If they hadn't done that then I might not have my extra little habit now, but that is my choice, not a doctor's choice or even a sensible choice.
I'm not even sure it really is a choice or why I choose it.
The only other times I've been this happy were when I drank all the time (in good company) or when I'd children to look after and was sober.
Or when I lived in England, I liked it there and was happy even though I didn't know where to get much of anything and was usually drug free by default, the rent was eyewateringly high too, couldn't afford shit.
Hahaha, just flustered my husband well for the day, lol, wrong thread for details, lol.
But I never been this sick overall before this year, if I wasn't scared they'd keep me in I'd have been more than a couple of times to the hospital.
If I stayed in hospital they might catch me out and then there'd be none of them trusting me again.
I guess happy and ill beats miserable and ill.
I hope people don't get too fed up with me being on the tapering thread when I'm the worst at tapering ever, I like it here and someday I'll work it out.
I spent most of my adult life sober, but from 12 to 24 I wasn't, I was a mess so my stepdad kicked me out at 16, he got my mum to do it, she hadn't liked when he threw out her only other kid without warning two years before me at 17, so I knew it was coming, didn't matter, I'd no future, I fully expected to die before 25, I was always weaker, thinner, more tired, instead at 23 or 24 I met my husband who (after I agreed) simply picked me up and carried me home in his arms, not on his back, to his home, he was very drunk, but he kept me and I got clean after a while and the first thing clean me tried was suicide, yeah, happy ever after. It sticks in my mind as a warning, leaves me not wanting to go through all that again only to feel so shit I'll think it's no longer worth living life.

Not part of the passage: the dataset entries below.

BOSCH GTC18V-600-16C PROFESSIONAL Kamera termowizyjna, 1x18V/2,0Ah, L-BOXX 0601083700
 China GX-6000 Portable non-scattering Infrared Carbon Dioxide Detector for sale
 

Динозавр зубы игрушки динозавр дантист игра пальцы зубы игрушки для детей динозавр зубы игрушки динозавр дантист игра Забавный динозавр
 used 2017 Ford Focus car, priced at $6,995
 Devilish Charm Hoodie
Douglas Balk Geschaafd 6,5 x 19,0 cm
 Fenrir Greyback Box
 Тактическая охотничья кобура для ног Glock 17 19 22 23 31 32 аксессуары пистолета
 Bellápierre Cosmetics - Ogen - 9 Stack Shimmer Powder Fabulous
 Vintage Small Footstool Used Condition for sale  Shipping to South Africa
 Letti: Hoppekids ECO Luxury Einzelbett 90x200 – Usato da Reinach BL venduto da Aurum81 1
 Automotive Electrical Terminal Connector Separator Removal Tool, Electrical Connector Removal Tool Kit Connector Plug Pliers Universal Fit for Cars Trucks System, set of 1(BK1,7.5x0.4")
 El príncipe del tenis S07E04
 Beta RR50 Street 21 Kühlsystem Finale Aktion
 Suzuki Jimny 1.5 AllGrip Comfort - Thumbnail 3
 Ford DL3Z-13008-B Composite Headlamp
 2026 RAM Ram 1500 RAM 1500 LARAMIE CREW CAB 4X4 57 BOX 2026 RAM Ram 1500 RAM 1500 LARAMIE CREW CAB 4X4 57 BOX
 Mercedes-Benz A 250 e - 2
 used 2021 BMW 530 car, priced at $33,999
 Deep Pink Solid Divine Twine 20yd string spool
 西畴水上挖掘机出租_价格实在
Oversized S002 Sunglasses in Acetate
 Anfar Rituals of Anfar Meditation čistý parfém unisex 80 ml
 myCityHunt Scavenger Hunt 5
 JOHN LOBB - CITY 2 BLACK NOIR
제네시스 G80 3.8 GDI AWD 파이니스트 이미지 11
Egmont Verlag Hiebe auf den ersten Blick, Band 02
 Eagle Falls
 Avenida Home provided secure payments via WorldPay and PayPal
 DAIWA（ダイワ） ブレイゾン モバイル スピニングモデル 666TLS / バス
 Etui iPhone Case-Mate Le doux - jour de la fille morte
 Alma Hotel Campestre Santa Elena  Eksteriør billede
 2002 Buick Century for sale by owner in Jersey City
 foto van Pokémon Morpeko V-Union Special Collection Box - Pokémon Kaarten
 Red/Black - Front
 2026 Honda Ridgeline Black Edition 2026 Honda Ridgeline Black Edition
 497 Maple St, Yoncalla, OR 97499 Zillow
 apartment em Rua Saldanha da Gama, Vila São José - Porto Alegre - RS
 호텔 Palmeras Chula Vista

He's still looking after me close to thirty years later, still calls me beautiful, lol, in withdrawal I'm certainly not!
It sounds like an excuse, I can't manage otherwise, again.
Seems somehow those early years got hardwired into my brain, like the way people who smoked cigs a lot as kids can't give up.
I don't regret a thing, it kept me going through hard times, one day i'll only need proper meds and weed, whenever that day will be.
If they find me out I'm asking to be switched from buprenorphine to methadone, bupe just isn't enough on it's own and makes me sweat buckets too.